THURAM - A Torino Timothy ha trovato, da quest’anno, Khephren Thuram, figlio di Lilian, compagno di George Weah al Monaco: “Con Lilian siamo stati compagni di squadra al Monaco, lo chiamavo il mio piccolo fratello oppure Chou Chou: eravamo sempre insieme ed è bello che i nostri figli riannodino il legame che avevamo i loro padri”.
DA LONTANO - Non sarà a Milano, ma farà il tifo dalla televisione per il figlio di cui è il primo tifoso. Gli impegni, afferma a malincuore a La Repubblica, gli impediscono di venire in Italia con regolarità: “E’ sempre bello rivedere i vecchi amici e avere l’opportunità di seguire Timothy dal vivo, ma purtroppo i miei impegni mi impediscono di farlo come e quanto vorrei. Quando torno mi mostrano simpatia persino gli interisti, mi sorridono, mi chiamano Giorgio e io gli dico sempre: voglio bene a tutti, belli e brutti. Sono venuto a gennaio per Juve-Empoli dopo quindici anni. Sono poi tornato qualche settimana fa prima di andare a Parigi per il Pallone d’oro. Però guardo in tv tutte le partite della Juve: prima da tifoso, adesso per Timo. E alla fine ci sentiamo sempre per telefono”.

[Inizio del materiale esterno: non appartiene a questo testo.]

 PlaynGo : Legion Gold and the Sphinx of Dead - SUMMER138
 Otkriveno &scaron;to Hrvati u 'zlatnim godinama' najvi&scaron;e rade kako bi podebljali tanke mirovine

IL RAPPORTO CON TIMOTHY - Che rapporto hanno papà e figlio? George, da papà, cerca di dare i giusti consigli, senza intromettersi nelle decisioni dell’allenatore: “E’ molto intelligente, non ha bisogno dei miei consigli. Io sono suo padre, è l’allenatore che deve dirgli come e quando sbaglia. Fin da quando era piccolo gli ho detto di giocare a modo suo, senza andare a guardare come giocava suo papà. Non voglio mettergli confusione in testa né pressione. L’unica cosa che gli ripeto sempre è di giocare per la squadra, che se anche entra in campo per un solo minuto deve dare il massimo e che non importa se ha fatto gol oppure no. L’anno scorso era un po’ deluso, non aveva fatto bene e non era nel suo ruolo ideale, ma adesso è molto contento. È giovane, sbagliare gli fa bene”.